Heya,
I keep it small. I print. You can print large from just 10~12MP up to 16MP and it still look great. You don't need 50MP let alone 100MP to print a decent photo. Obviously depends on context, like Billboards and stuff. I have some 15~16MP 30 inch prints of landscapes that are lovely on the wall and don't look like some horrible smear of umsampled low resolution wizardry. Plenty of portraits in the 24~30 inch range from a 12MP file and they are sharp, easy to see eyelashes and eye detail still. So I just have not found a compelling need, for me, to have a denser pixel count on the sensor at this time. And anything good enough for print is way good enough for mobile/internet sharing, where people are spending less than 1 second to view your image, literally, and move on, and they could care less if it's 4k or just a 720p class image frankly. Very, very, very few people browse other people's photos at max resolution on their 4k displays, other than maybe pixel peeping would-be photographers and actual photographers alike, but they're the minority of actual views of the images online.

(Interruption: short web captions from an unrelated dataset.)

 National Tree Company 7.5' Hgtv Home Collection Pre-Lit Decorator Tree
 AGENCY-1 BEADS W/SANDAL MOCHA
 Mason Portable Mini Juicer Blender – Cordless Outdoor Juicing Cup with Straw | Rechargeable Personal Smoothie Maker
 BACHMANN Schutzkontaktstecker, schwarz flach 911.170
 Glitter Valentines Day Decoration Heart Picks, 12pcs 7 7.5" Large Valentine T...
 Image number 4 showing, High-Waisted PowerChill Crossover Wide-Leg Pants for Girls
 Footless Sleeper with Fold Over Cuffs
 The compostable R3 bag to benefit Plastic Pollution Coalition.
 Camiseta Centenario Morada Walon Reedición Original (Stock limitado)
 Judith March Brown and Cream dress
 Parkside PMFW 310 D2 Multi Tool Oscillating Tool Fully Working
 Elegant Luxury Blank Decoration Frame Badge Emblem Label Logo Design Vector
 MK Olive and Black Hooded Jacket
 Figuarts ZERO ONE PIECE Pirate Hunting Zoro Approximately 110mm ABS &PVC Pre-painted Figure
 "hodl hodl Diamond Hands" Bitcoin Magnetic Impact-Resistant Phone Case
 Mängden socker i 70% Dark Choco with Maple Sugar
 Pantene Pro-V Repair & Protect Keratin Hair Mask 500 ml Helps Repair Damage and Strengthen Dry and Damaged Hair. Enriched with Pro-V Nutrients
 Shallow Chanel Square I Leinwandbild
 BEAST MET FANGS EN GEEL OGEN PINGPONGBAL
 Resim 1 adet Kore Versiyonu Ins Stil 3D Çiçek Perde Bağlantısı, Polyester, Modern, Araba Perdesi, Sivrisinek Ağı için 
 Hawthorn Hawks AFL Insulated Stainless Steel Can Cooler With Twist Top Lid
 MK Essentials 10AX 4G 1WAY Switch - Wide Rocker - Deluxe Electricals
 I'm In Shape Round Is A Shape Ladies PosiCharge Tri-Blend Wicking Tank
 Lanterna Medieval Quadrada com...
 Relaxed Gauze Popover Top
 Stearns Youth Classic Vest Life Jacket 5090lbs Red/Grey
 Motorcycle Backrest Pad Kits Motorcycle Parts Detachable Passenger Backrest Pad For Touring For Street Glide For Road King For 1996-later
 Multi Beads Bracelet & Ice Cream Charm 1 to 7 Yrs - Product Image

I would love a 100MP file for the ability to have better sampling for the focal-ratio of the lenses when operating fast (F1.2 to F4) and for the ability to crop and maintain a high density on the subject, in addition to being better sampled. If my day job was photographing birds, or other tiny things with lots of detail, I'd want that 50MP+ sensor for sure, just for this reason alone. Let alone other subject matter, where heavy cropping is a potential.
And finally, why I don't do that, well, I for one deal with video imaging a lot and so my haul for the day will be in the 60Gb to 250Gb range often. Copying this much data over USB, even on modern hardware to an internal NVMe with USB 3.1~3.2 generation portable SSD, etc, is not terribly fast and directly from a SD card is significantly slower even with one of the better ones. Then, just sorting through all that, takes a while. Just previewing that many images, when they're 20MP or more, takes a while even on a good system that is fast. Software often is not optimal, and is the actual bottleneck of the hardware being used. So it matters what you use. But when I think of having 100MP files and go for a birding session or something, the reality is, when I get home and unload 32+ Gigs of images potentially, I'm going to have a lot of anxiety thinking of just browsing through the RAW files and A-B'ing them to see which I move forward with for processing. It would take so long just to start that. Let alone finish processing. That I'd lose interest fast in those big files, despite their benefits, because I'm a slave to convenience, and that's simply not convenient. And again, that's in the context of a good PC for handling this file type and size.
So I'm on both ends. I know I want big 100MP files with tiny pixels because the ability to crop and maintain a better sampling of the focal-ratio to pixel size would be great for recording higher actual resolution (angular resolution) of a subject's light. But, it comes with a heavy compromise in workflow if you're dealing with a significant pile of images, per session, and it's not the capacity of storage if you want to churn out some images quickly, as often times a session isn't just something that can wait in terms of the purpose of the images, and maybe those images need to be available for their purpose within minutes to hours of their creation. That's going to be very, very hard with 100MP files just from a copying standpoint from camera media to PC media, let alone the increased time just to preview and browse the RAWs for which images you want to move forward on, and then the actual processing, and then moving the final images to wherever for their purpose. Time sensitive can matter big time here for this.